Perspectives of Patients with Cancer on the Quality-Adjusted Life Year as a Measure of Value in Healthcare

from Value in Health at http://bit.ly/2BOp8CF on December 30, 2018 at 01:27PM

Publication date: Available online 29 December 2018

Source: Value in Health

Author(s): Elizabeth F. Franklin, Helen M. Nichols, Ellyn Charap, Joanne S. Buzaglo, Alexandra K. Zaleta, Linda House

Abstract
Objectives

Healthcare expenditures in the United States continue to grow; to control costs, there has been a shift away from volume-focused care to value-based care. The incorporation of patient perspectives in the development of value-based healthcare is critical, yet research addressing this issue is limited.

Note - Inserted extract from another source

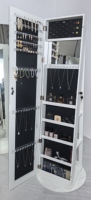 Coiffeuse à miroir rotatif et grand rangement, avec serrure, pour chambre à coucher – Meilleure vente pour fabricants de produits de beauté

This study explores awareness and understanding of patients with cancer about the quality-adjusted life year (QALY), as well as their perspectives regarding the use of the QALY to measure value in healthcare.

Methods

This cross-sectional study used survey methodology to explore patient awareness, understanding, and perspectives on the QALY. A total of 774 patients with cancer and survivors completed this survey in June and July of 2017. Quantitative and qualitative analyses were conducted.

Results

Results showed that there is limited awareness of the QALY among patients with cancer and survivors and minimal understanding of how the QALY is used. Only one quarter of respondents believed that the QALY was a good way to measure value in healthcare. Some participants (5%) stated that the QALY could be personally helpful to them in their own decision making, indicating the possible usefulness of the QALY as a decision aid in cancer care. Nevertheless, participants expressed concern about other decision makers using the QALY to allocate cancer care and resources and maintained a strong desire for autonomy over personal healthcare choices.

Conclusions

Although participants believed that the QALY could help them make more informed decisions, there was concern about how it would be used by payers, policymakers, and other decision makers in determining access to care. Implications for policy and research are discussed.